I've searched in several places and haven't found an answer for my question. I'm enrolled in a MS. CS. program that requires to do some development using OpenGL and/or DirectX, I already have a laptop with dedicated graphics that I currently use but it is too big/heavy to be using it while traveling. I'm considering buying a Surface Pro 2 to do some development and also for taking notes. Has anyone used their Surface Pro 2 for C++/DirectX/OpenGL development? Any recommendations?

Thanks!
 
Since your development type involve graphics, I think the Surface Pro 3 could suit you better because of a larger screen. Price is the same, and there is also the option for HD5000 graphics in the i7 form.

As far as graphics go, I think that it is better to develop on a device with low-midrange graphics power (but with a graphics card very compatible to all 3D standards), because you don't want to see 40FPS on your development computer and then move to a regular customer laptop and see 15FPS, right ? :)
 
Since your development type involve graphics, I think the Surface Pro 3 could suit you better because of a larger screen. Price is the same, and there is also the option for HD5000 graphics in the i7 form.
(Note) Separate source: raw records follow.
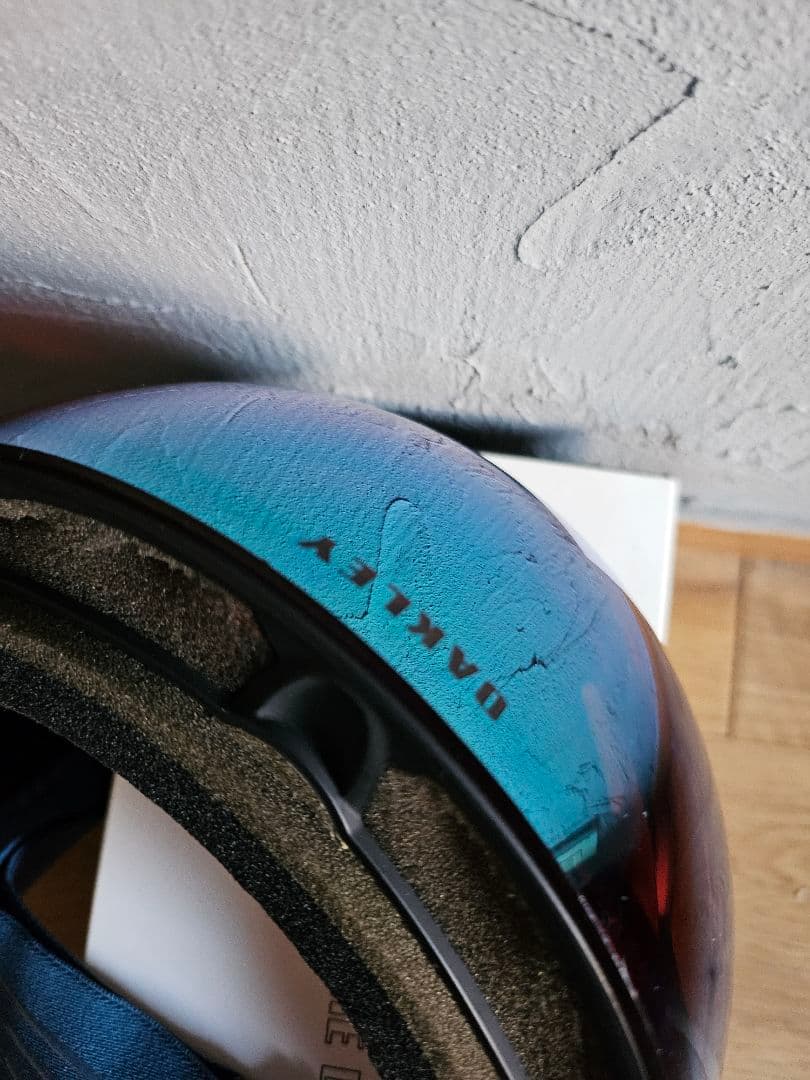 OAKLEY FLIGHT DECK L　Prizmレンズ　晴天用&降雪用　２枚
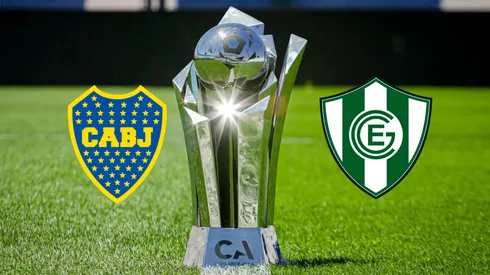 Oficial: sede confirmada para el debut de Boca en la Copa Argentina 2026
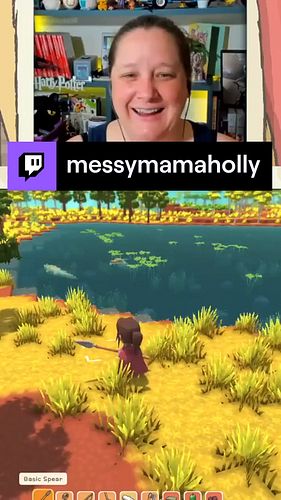 avenging the doggo... or at least attempting to 💥🐊 #dinkum #twitchaffiliate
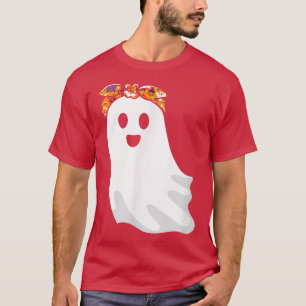 Camiseta Halloween espeluznante de mujeres hombres Scary br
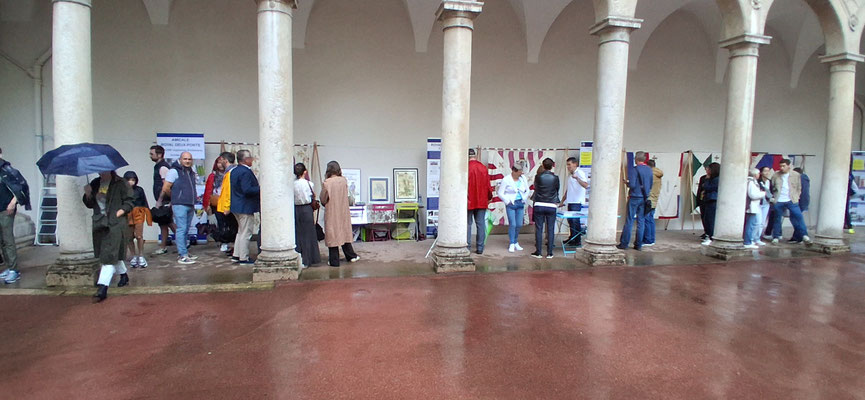 ...toujours aussi fréquenté !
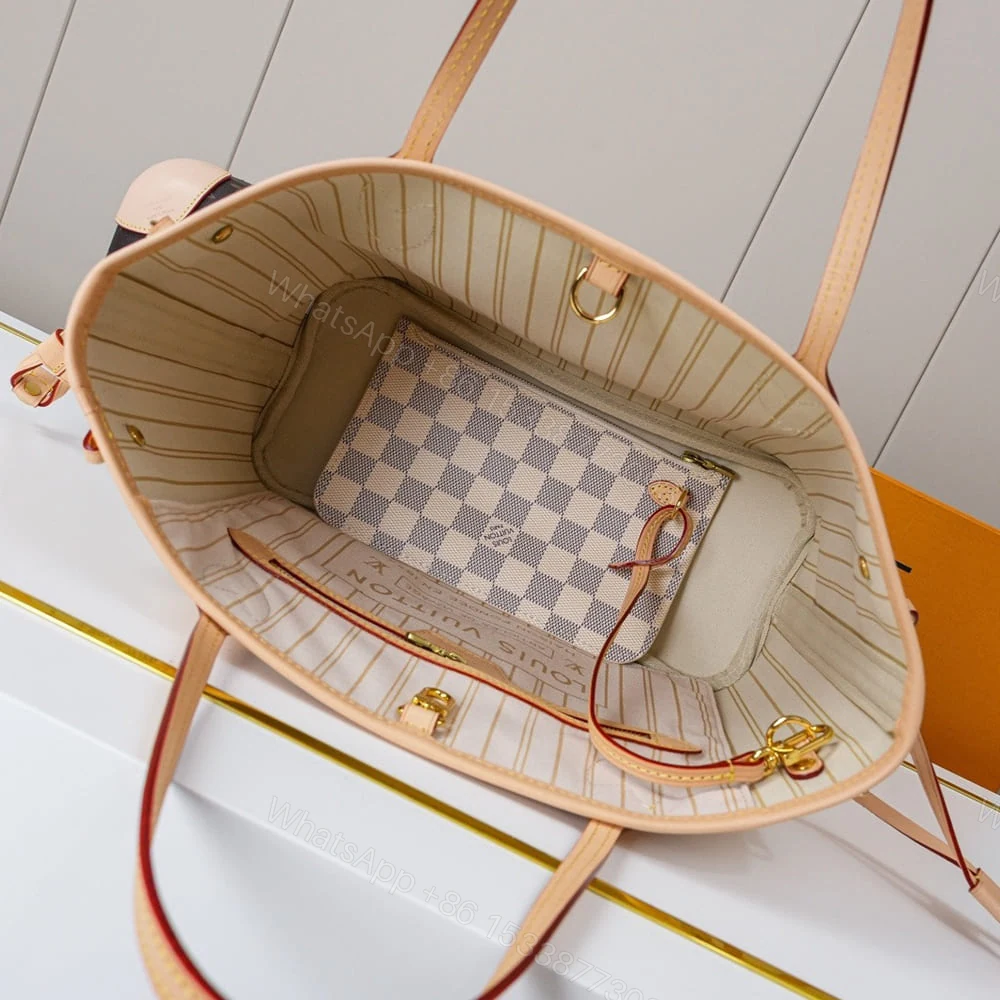 View 8 of LV Neverfull PM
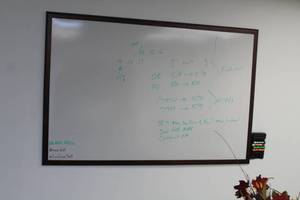 lot 327 image: Dry Erase Board
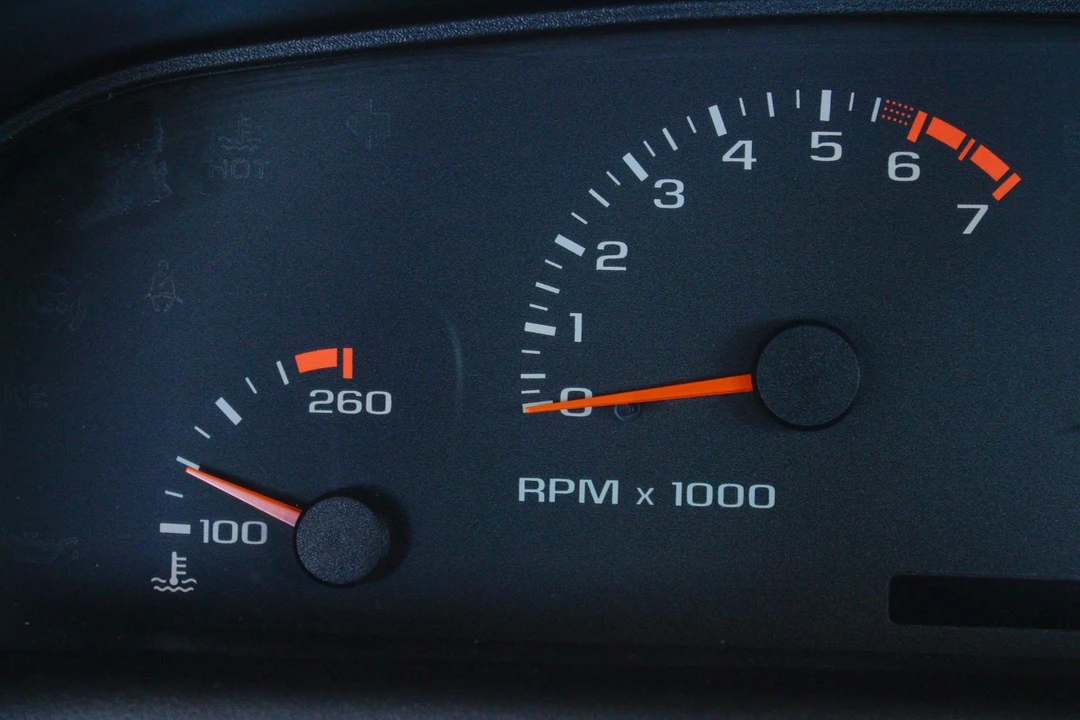 1996 Chevrolet Impala 7th Gen - Image 30 of 31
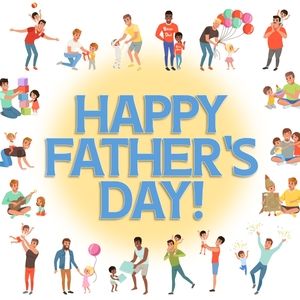 Happy Father's Day Weekend!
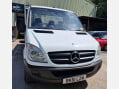 Mercedes-Benz Sprinter 2.1 313 CDI RWD L2 2dr 28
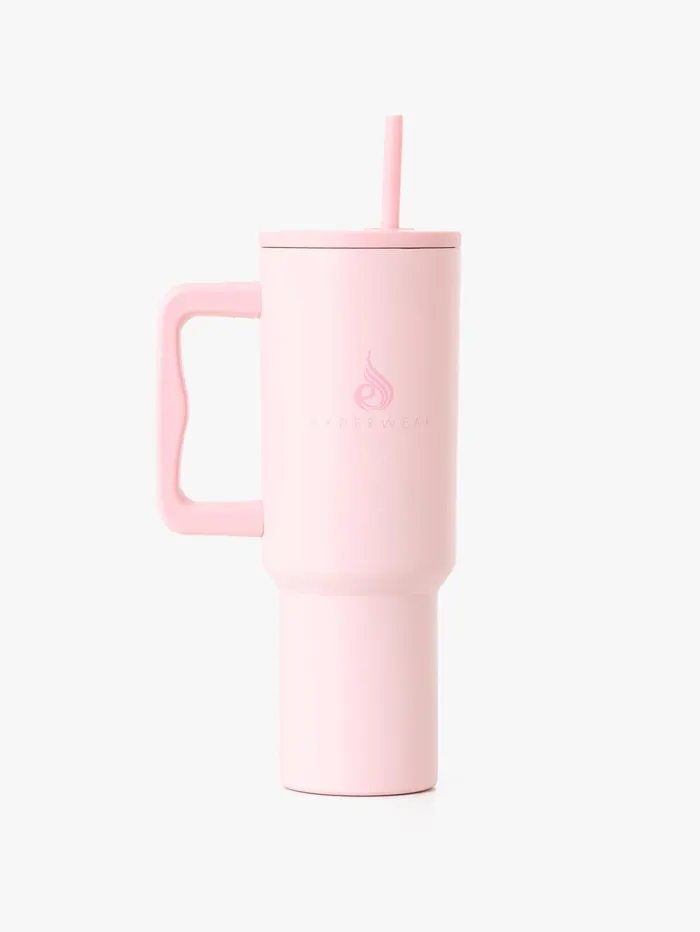 It Girl Tumbler 8211 Pink Women Ryderwear Bottles and Shakers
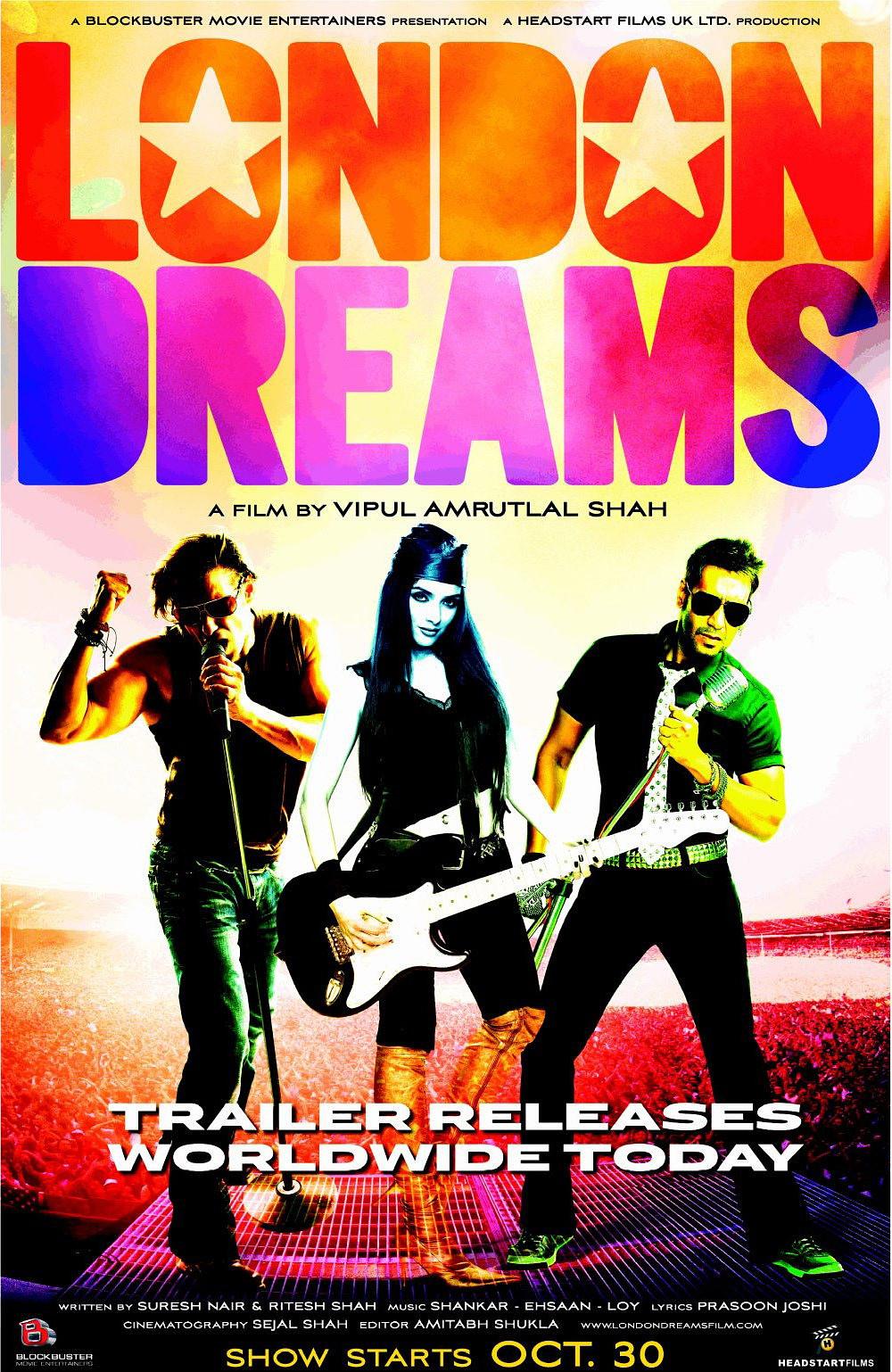 电影短片《伦敦梦  London Dreams》（2009印度 / 英国）--高清4K/1080P迅雷BT资源下载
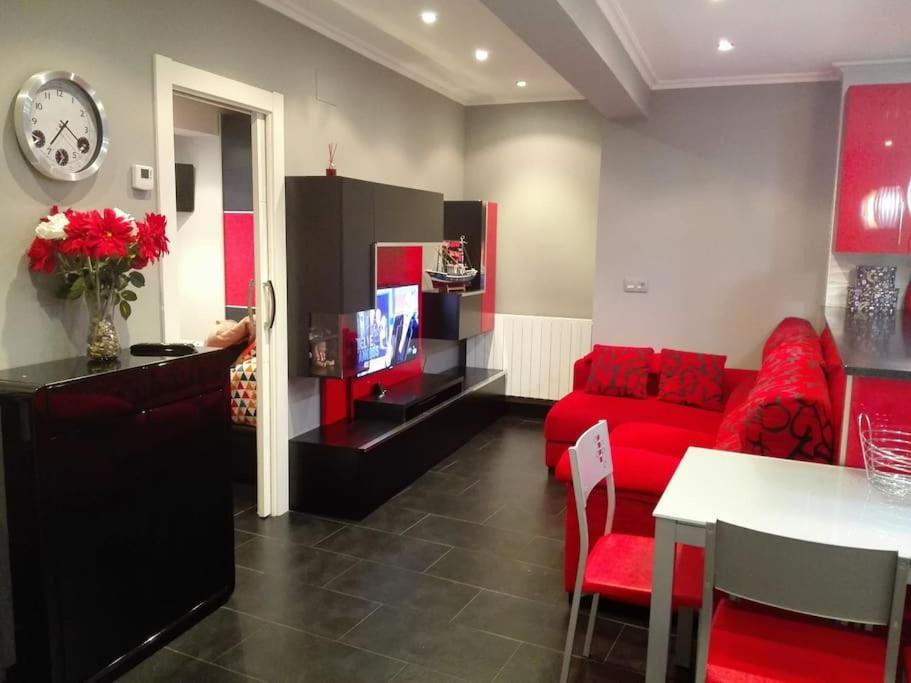 Piso Muy Bonito En Zona Tranquila Apartment Bermeo Ngoại thất bức ảnh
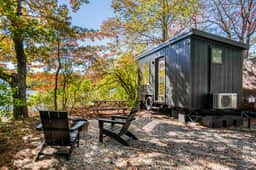 Panoramic Point Tiny House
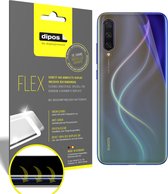 dipos I 3x Beschermfolie 100% compatibel met Xiaomi Mi A3 Rückseite Folie I 3D Full Cover screen-protector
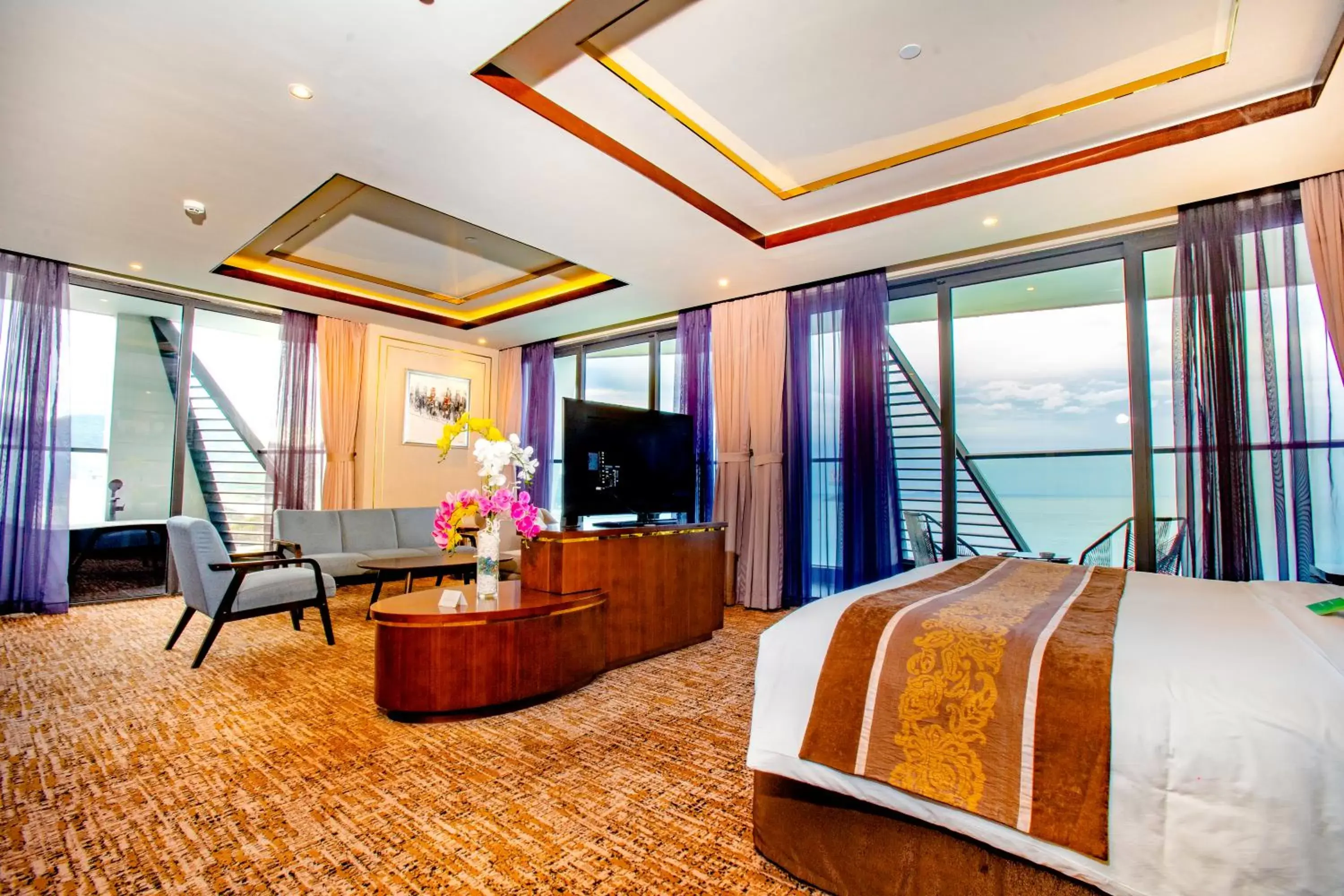 Suite in Boton Blue Hotel & Spa Suite in Boton Blue Hotel & Spa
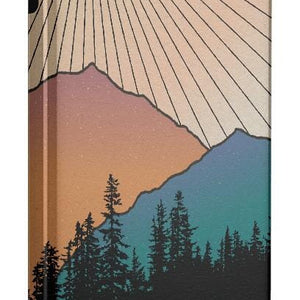 Golden Hour | Mountain Sunset Case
As far as graphics go, I think that it is better to develop on a device with low-midrange graphics power (but with a graphics card very compatible to all 3D standards), because you don't want to see 40FPS on your development computer and then move to a regular customer laptop and see 15FPS, right ? :)

Actually you want the fastest possible machine to code/develop, and then get a slow as hell PC to test.

OP: I have been using my Surface Pro to develop in Java/Groovy/Python/Android, I know its not what you are doing, but at least for me it works wonders. The 10" screen is too small to be the primary/only PC to develop with, but if gets the job done. Im doing a B.Sc, and I have not used a single paper since I started lol, I just have one notebook for each subject in OneNote and it just rocks. (All books in PDF, whats not already in PDF I just scan it and add it to OneNote myself)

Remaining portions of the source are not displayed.